Discriminating between latent and active tuberculosis with multiple biomarker responses.

Tuberculosis (Edinb) 2011 May 10;91(3):250-6. Epub 2011 Mar 10.

Center for AIDS Research, Department of Molecular Genetics and Microbiology, Duke University Medical Center, Durham, NC 27710, USA.

We sought to identify biomarker responses to tuberculosis specific antigens which could 1) improve the diagnosis of tuberculosis infection and 2) allow the differentiation of active and latent infections. Seventy subjects with active tuberculosis (N = 12), latent tuberculosis (N = 32), or no evidence of tuberculosis infection (N = 26) were evaluated. We used the Luminex Multiplexed Bead Array platform to simultaneously evaluate 25 biomarkers in the supernatant of whole blood samples following overnight stimulation using the Quantiferon(®) Gold In-Tube kit. We defined the response to stimulation as the difference (within an individual patient) between the response to the pooled tuberculosis antigens and the negative control.
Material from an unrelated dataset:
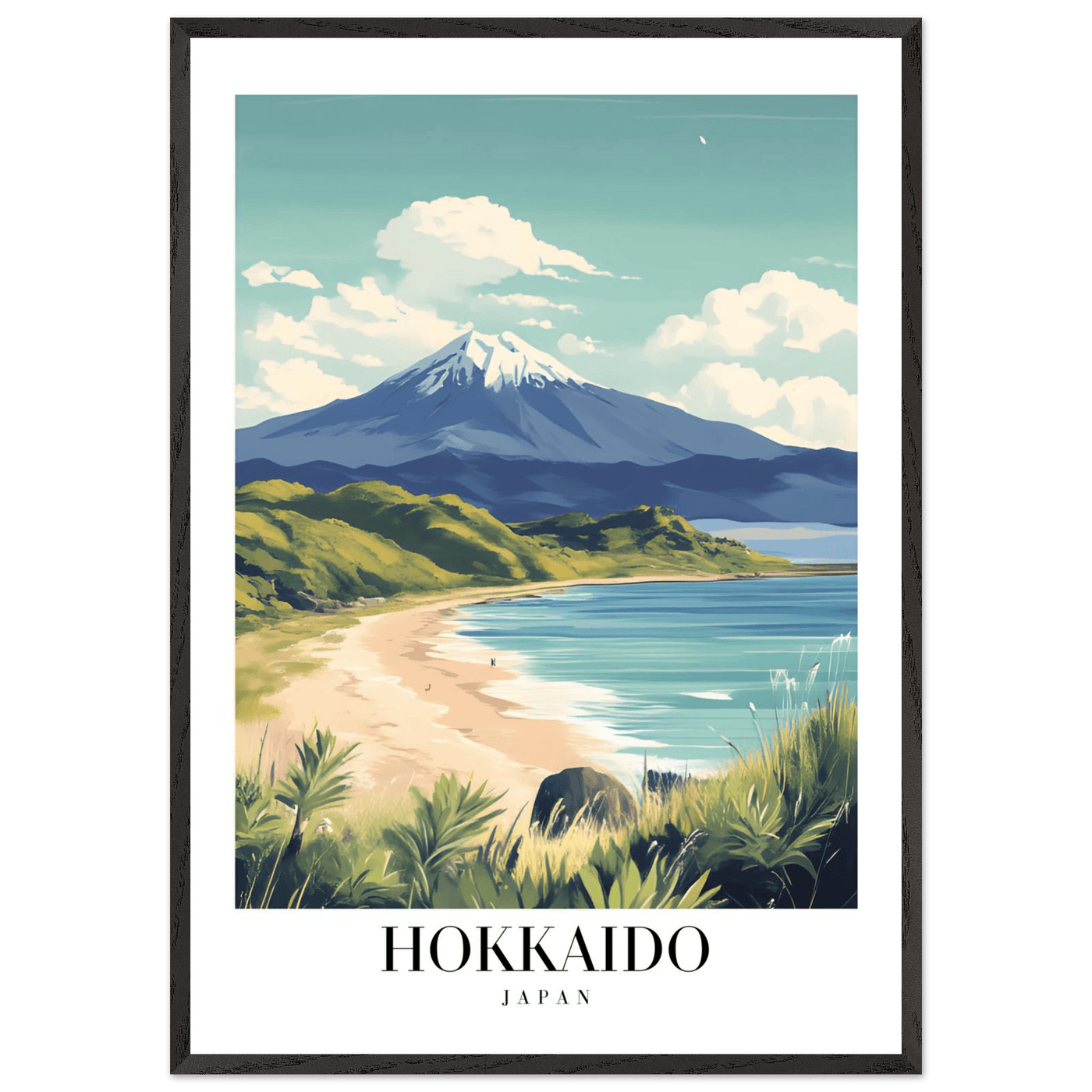 Hokkaido Japan Framed Poster – Vintage Mount Yotei Travel Wall Art with Wooden Frame - Vibrantwalls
IP-10 response was significantly higher in tuberculosis-infected (active or latent) subjects compared to the uninfected group (p < 0.0001). Among the 25 parameters, expression levels of IL-15 and MCP-1 were found to be significantly higher in the active tuberculosis group compared to the latent tuberculosis group (p = 0.0006 and 0.0030, respectively). When combined, IL-15 and MCP-1 accurately identified 83% of active and 88% of latent infections. The combination of IL-15 and MCP-1 responses was accurate in distinguishing persons with active tuberculosis from persons with latent tuberculosis in this study.